Physical constants

Boltzmann's constant k= 1.38066E-23 J/K

k= 0.00008617 eV/K

Atomic mass unit u= 1.66E-27 kg

umev= 931.5 MeV/c^2

Wien constant 2.90E-03

Planck's constant h= 4.14E-15 eV s

h= 6.63E-34 J s

h/ 2 pi hbar 1.05E-34 J s

h/ 2 pi hbev 6.59E-16 eV s

Speed of light c= 3.00E+08 m/s

hc= 1.24E+03 eV nm

hbarc= 1.97E+02 eV nm

Electron charge e= 1.60E-19 C

electron volt eV= 1.60E-19 joule

electron mass mel 9.11E-31 kg

mel 5.11E-01 MeV/c^2

proton mass mp 1.67E-27 kg

mpev 9.38E+02 MeV/c^2

mpg 0.93827231 GeV/c^2

neutron mass mn 1.67E-27 kg

mnev 9.40E+02 MeV/c^2

mng 0.93956563 GeV/c^2

Stefan's constant= sigma= 5.67E-08 watt/m^2K^4

Nuclear distance unit fermi 1.00E-15 m (a femtometer)

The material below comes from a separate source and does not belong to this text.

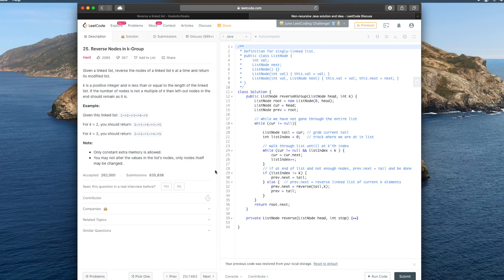What's up everybody, today we're going to be doing the Reverse Nodes in K-Group problem on LeetCode. As usual, we'll first write it out on a whiteboard, then we'll turn it into code, and then finally we'll go over the time complexity of it.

cross section unit barn= 1.00E-28 m^2

barn= 100 fm^2

common combo for scattering ke^2 1.44 MeV fm

First Bohr orbit radius a0 a0 0.0529 nm

Bohr magnetion mub 5.79E-05 eV/T

muba 9.27E-24 A m^2 A=ampere

Magnetic permeability of space mu0 4*Pi()*1E-7 N/A^2 exact

1.25664E-06

Flux quantum fluxon 2.07E-15 tesla m^2

#5 Estimate critical field necessary to destroy superconductivity in
vanadium at 4.2K.

Critical field at zero K is 0.14 T and the critical temperature is
5.4K.

The critical magnetic field follows the relationship Bc=Bc(0)*(1-(T/Tc)^2).

So for 4.2K the critical field is Bc=0.14T*(1-(4.2K/5.4K)^2)=
0.0553 Tesla

#6 Estimate condensation energy of lead cylinder and field required
to reduce it by 10%

Critical temperature is 7.2K and critical magnetic field at zero K
is 0.08 T.

Lead cylinder of volume 1E-9 m^3 cooled to 4.2K.

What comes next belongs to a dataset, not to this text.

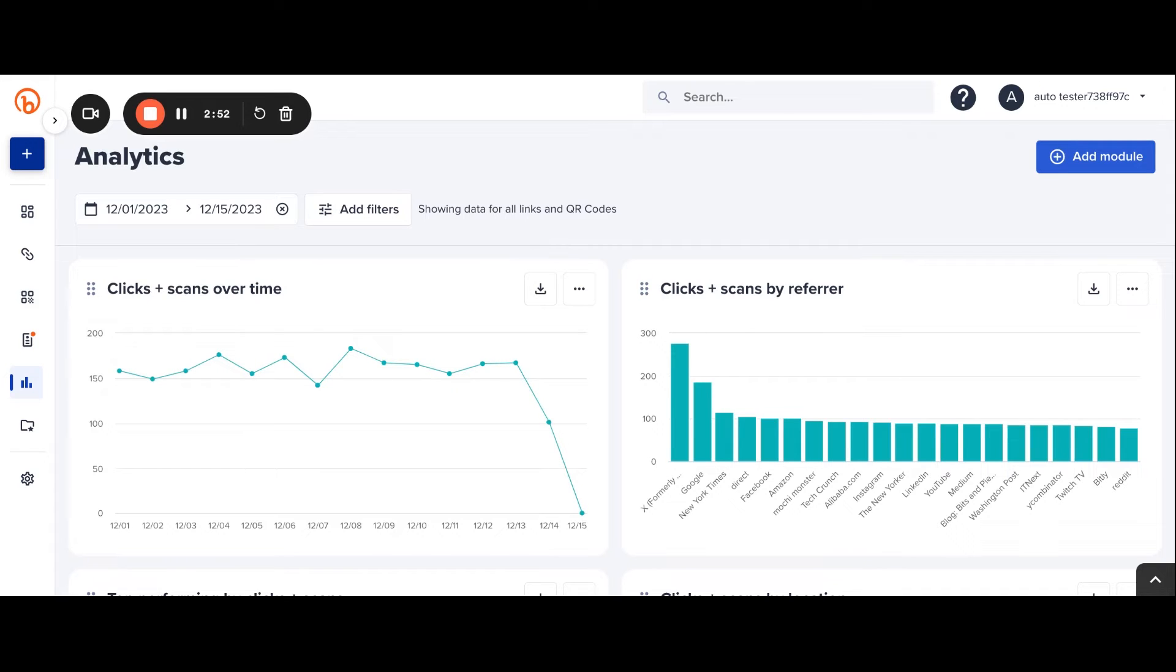By default, the dashboard shows data for all of the users' links or QR codes. But what about when they want to narrow in on links for a specific campaign?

a. The critical magnetic field is Bc=0.08T*(1-(4.2K/7.2K)^2)=
0.0528 Tesla

The condensation energy is Bc^2*V/(2*mu0)=(.0528^2*1E-9m^3)/(2*4*Pi()*1E-7)

Condensation energy= 1.10925E-06 Joules

b. The condensation energy is proportional to the square of the magnetic
field, so to

reduce it to 90% would require B=sqrt(.9)*Bc= 0.0501 Tesla

#9. Calculate maximum current for a superconducting lead wire.

Wire of diameter 100 micrometers cooled to 4.2K.

Critical temperature is 7.2K and critical magnetic field at zero K
is 0.08 T.

This requires the use of the expression for the magnetic field of a
long wire,

which is B=mu0*I/(2*pi*r)

First the critical magnetic field at 4.2K must be calculated.

Bc=0.08*(1-(4.2/7.2)^2)= 0.0528 Tesla

Then the critical current is given by I=2*pi*r*Bc/mu0=2*pi*.5E-4m*0.0528/(4*pi*1E-7)

Critical current = 13.194 amperes

#12 Calculate the density of superconducting electrons in tin at zero
kelvin.

The magnetic field penetration depth in tin at 0K is given as 30 nm.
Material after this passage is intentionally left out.